§ Task:
All the data below goes into the copy word for word, but the pictures don't.

§ Data extract:
<<<<

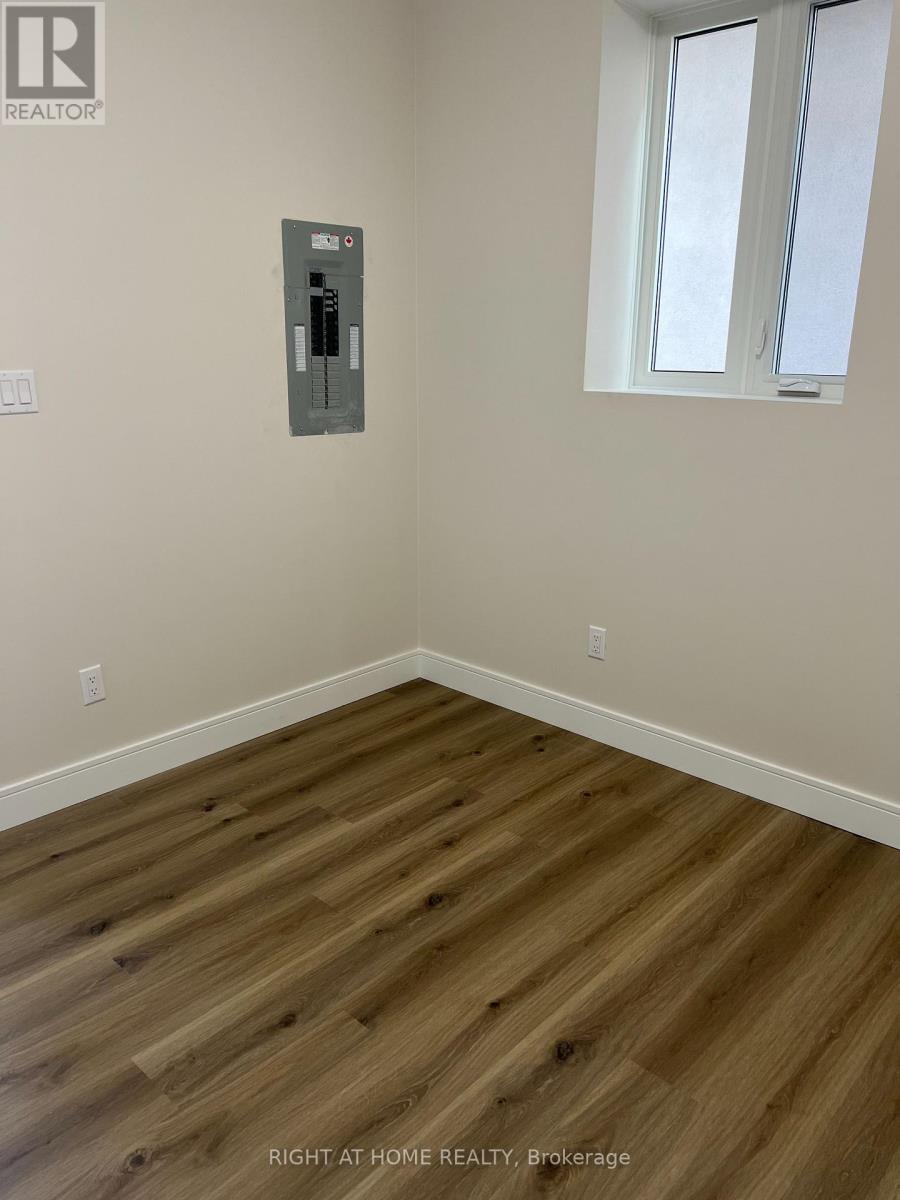 1 - 32 Cadorna Avenue, Toronto, Ontario  M4J 3W8 - Photo 7 - E12478061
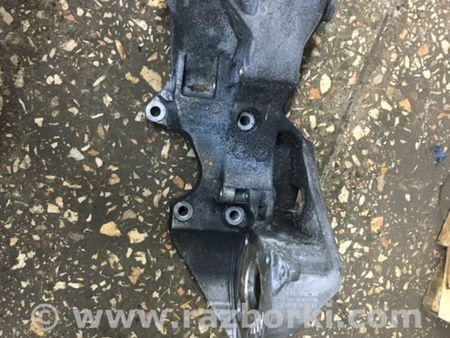 ФОТО Кронштейн для Audi (Ауди) A4 IV B8 8K (07-15) Київ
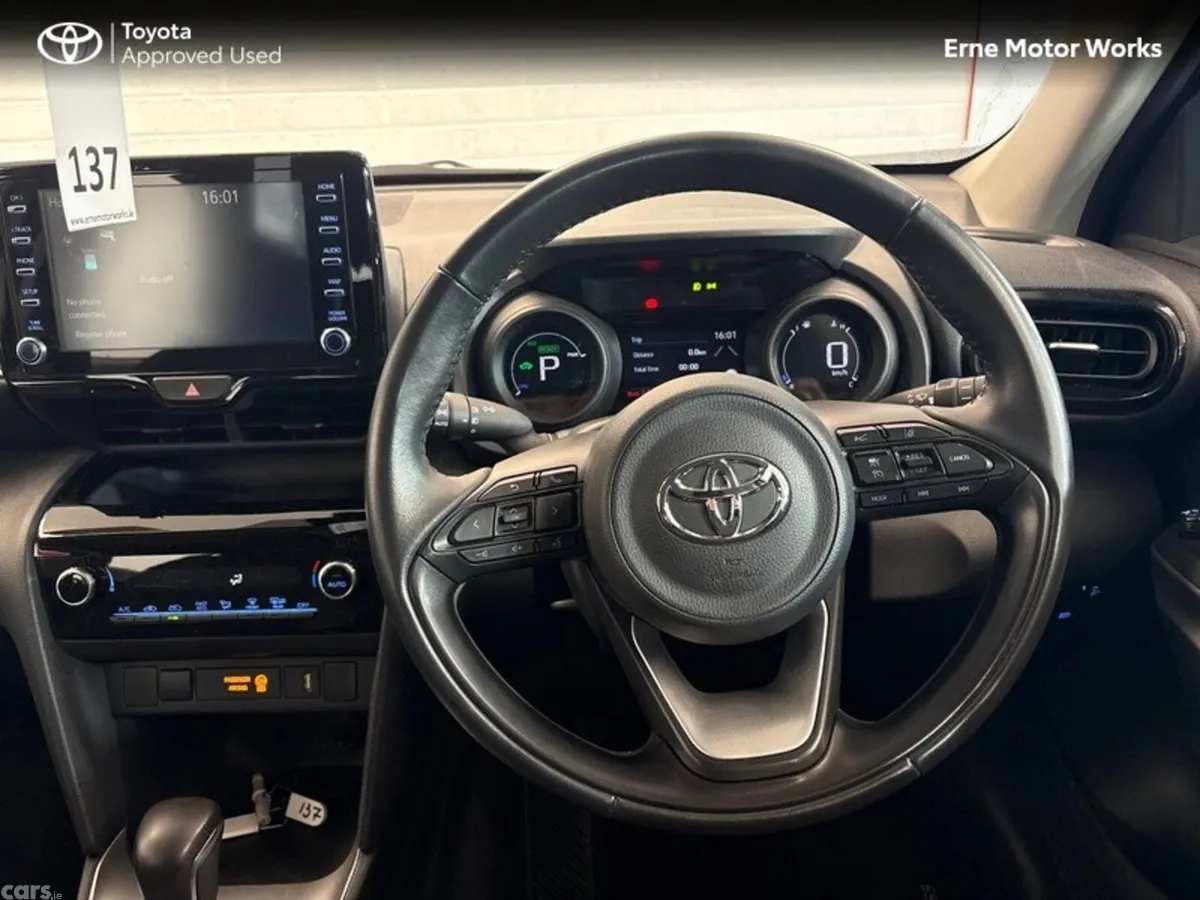 Toyota Yaris Cross Hatchback, Petrol Hybrid, 2022, White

>>>>

§ Response to the task:
 1 - 32 Cadorna Avenue, Toronto, Ontario  M4J 3W8 - Photo 7 - E12478061
 ФОТО Кронштейн для Audi (Ауди) A4 IV B8 8K (07-15) Київ
 Toyota Yaris Cross Hatchback, Petrol Hybrid, 2022, White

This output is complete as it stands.